I love to see my iPad display read no service. As cell phones first came into existence we had to deal with the first generation of “mobile” phones. The term cellular was not used at the time. In the early days of mobile phones you had to carry the equivalent of a boom box or ghetto blaster on your shoulder. They were 2 pieces, you had the hand set which was attached to the base phone via a cord.  This electrical cord transferred electricity and information to the handset… and they were heavy.  About the only time you saw them was in a high-end luxury car or on the job site being used by the foreman, to guarantee the construction of a building would be completed on schedule.

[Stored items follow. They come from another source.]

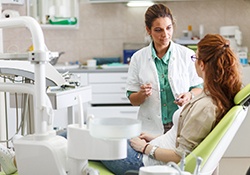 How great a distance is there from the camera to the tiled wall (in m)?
5.25

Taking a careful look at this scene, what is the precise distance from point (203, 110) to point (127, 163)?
467 mm

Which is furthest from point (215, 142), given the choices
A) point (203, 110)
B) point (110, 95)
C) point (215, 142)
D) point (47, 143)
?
point (110, 95)

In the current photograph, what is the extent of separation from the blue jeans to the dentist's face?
2.58 ft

The next generation were all in one phone. Still huge. Still heavy. Grandma couldn’t even lift one. Eventually we got to the smaller size of today’s phones. Throughout this time there was always the challenge of receiving adequate service. With a poor connection or low signal came the jokes, “Can you hear me now?”  If you were on an important business call, a dropped call or garbled communication could be frustrating at best and disastrous at worst. No one wants to lose business because of poor communication.

Eventually the signal became so strong and widespread that we couldn’t get away from the phones. People are talking on them during a presentation, movie, dinner out, everywhere. We still hear the occasional, “Hello?  Hello?  Can you hear me?” This is usually said at a volume loud enough to wake the dead.

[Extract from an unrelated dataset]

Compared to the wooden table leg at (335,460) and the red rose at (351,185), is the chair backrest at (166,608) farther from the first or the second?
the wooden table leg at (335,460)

This fact of a strong signal came full circle for me when I started to realize, a few years back that there is no place I could go where I couldn’t get away from my cell phone. Everywhere had service. We drove last year from Las Vegas, Nevada to Wolf Creek, Utah and had an uninterrupted signal the entire drive. (Except driving passed Area 51, which didn’t officially exist until recently, so that doesn’t count).

I remember years ago driving over the Sierra Nevada Mountain range from the east side to Yosemite Valley. On that drive I witnessed and experienced what has become one of the highlights of my life. I looked down to my phone and read the most beautiful words “No Service.” It felt good to know that there were still places within the United States where one could escape the rat race and unplug from society. Now that we are living in Hawaii we see those words more often. They used to be annoying. Now they are the sweet lullaby of a peaceful, uninterrupted day… or maybe even longer.

So my challenge to you, as you read this, is this: Go forth and find a space in your world where you can see those blessed words “No Service.” Be not afraid as you venture there. It may be an unfamiliar space, but it is a safe space. It is between the breathes that we find ourselves.